The outgoing president, Leroy Morishita, told the community Monday that the “cure for hateful and hurtful speech is to condemn it forcefully with our own protected speech,” the Los Angeles Times reports. (Its article makes no pretense to objectivity, either, calling Christainsen’s research “eugenics-linked” and citing the SPLC designation.)
Academic Senate Chair Michael Lee told the newspaper it wasn’t clear what the body could do to Christainsen, other than consider a nonbinding resolution related to him:
“What is meant by academic freedom, what are the limits of academic freedom, and what are the responsibilities of a professor that is granted tenure?” Lee asked. “These are very big questions to which we actually don’t have policies … It’s going to make it very challenging for a senate or the university to determine what is the appropriate thing to do.”
‘Cannot present as truth propositions that are in fact professionally contestable’
Reichman’s blog post about Christainsen emphasizes that it’s not clear whether he’s even teaching his theories to students.
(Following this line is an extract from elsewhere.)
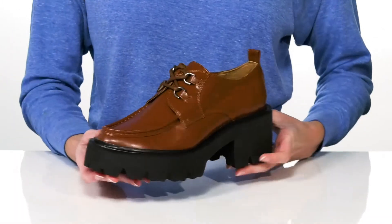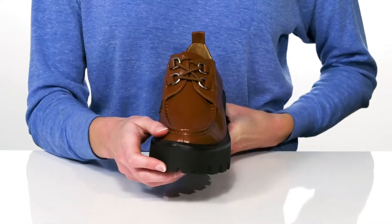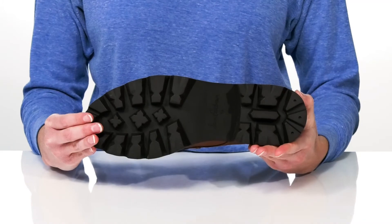The D-ring hardware has functional laces so you can tighten up your fit, and it all sits on top of a grippy lugged outsole.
His classes this semester concern macroeconomics, urban economics and managerial economics.
But the AAUP official gives credence to none other than Ibram Kendi, who essentially promotes racism as the antidote to racism, by citing the scholar’s view that intelligence tests are inherently untrustworthy. Reichman seems to assume that Christainsen is not making academically defensible arguments because they are unpopular with scholars he prefers.
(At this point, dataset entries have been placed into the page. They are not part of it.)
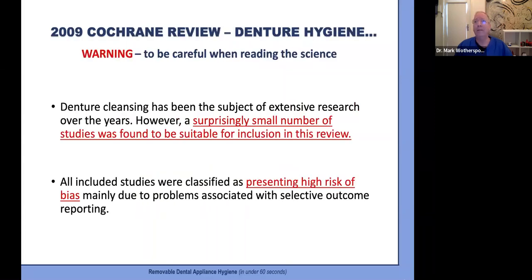Maybe we as dental professionals are also confused — and no wonder when we look at this Cochrane review, which determined that even with extensive research conducted over many years, only a surprisingly small number of studies was suitable for inclusion because all presented a high risk of bias, mainly due to selective outcome reporting. So we really have to be careful when sorting through dental research, and that's why we will drift outside the dental profession for some of our advice.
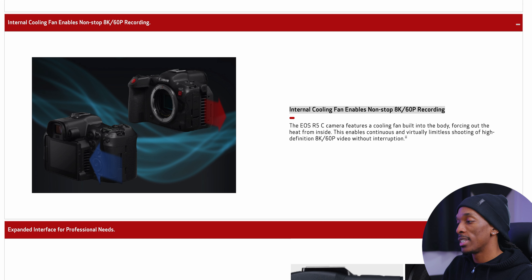One of the big things for me is that there's an internal cooling fan, and this allows for no limit on 8K 60p recording. The only limit is going to be memory, and I'm sure that's going to fill up pretty quick. But the key takeaway is that the camera should have no overheating issues — at least that's what I'm getting from it. When the R5 first dropped, everyone was talking about the overheating problems, and this should combat that.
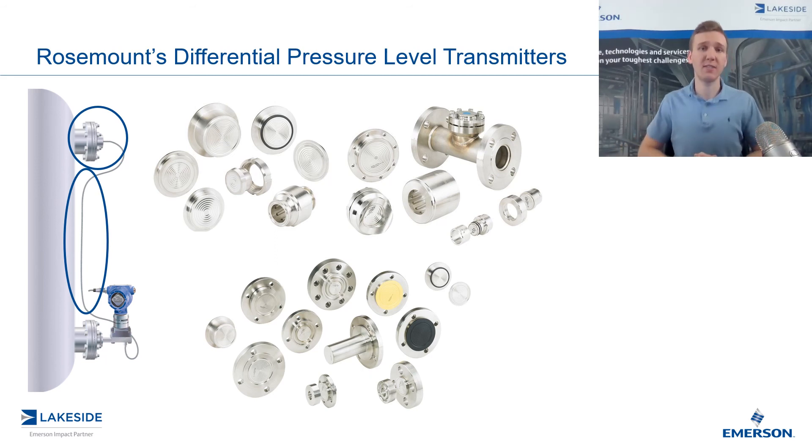The big advantage here is the fact that we don't have to be concerned with maintenance on wet and dry legs, we don't have to be worried about the transmitter plugging, and we also have more flexibility in terms of temperatures, pressures, and material compatibilities — and that's why we utilize a seal system over wet and dry legs.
Therefore, the most relevant question is whether he was making “extramural” comments or speaking “as a professor engaged in research and teaching,” Reichman says, offering a roadmap for getting rid of Christainsen:
Academic freedom grants considerable scope to the consciences of individual scholars, but it does not protect an individual right of professors to do whatever they wish in their research and teaching or, for that matter, to say whatever they want in public remarks.
Reichman admits that Christainsen would be far from “the first scholar to drift over the years into fields and disciplines not directly connected to their area of initial research.”
But he still implies the economist should be subject to a higher bar than faculty who use their classrooms to make political rants against President Trump and his supporters, with no relevance to classroom subject matter:
Under the principles of academic freedom instructors can assert viewpoints that remain controversial. But they cannot present as truth propositions that are in fact professionally contestable without allowing students to challenge their validity or advance alternative understandings …
If Christainsen is indeed teaching his race-and-intelligence theories, “it would be no violation of academic freedom to consider whether such teaching is relevant to his assigned courses in economics or whether he is presenting these ideas as truth, when they are at minimum highly contested and rarely, if ever, accepted in the relevant disciplines,” Reichman concludes.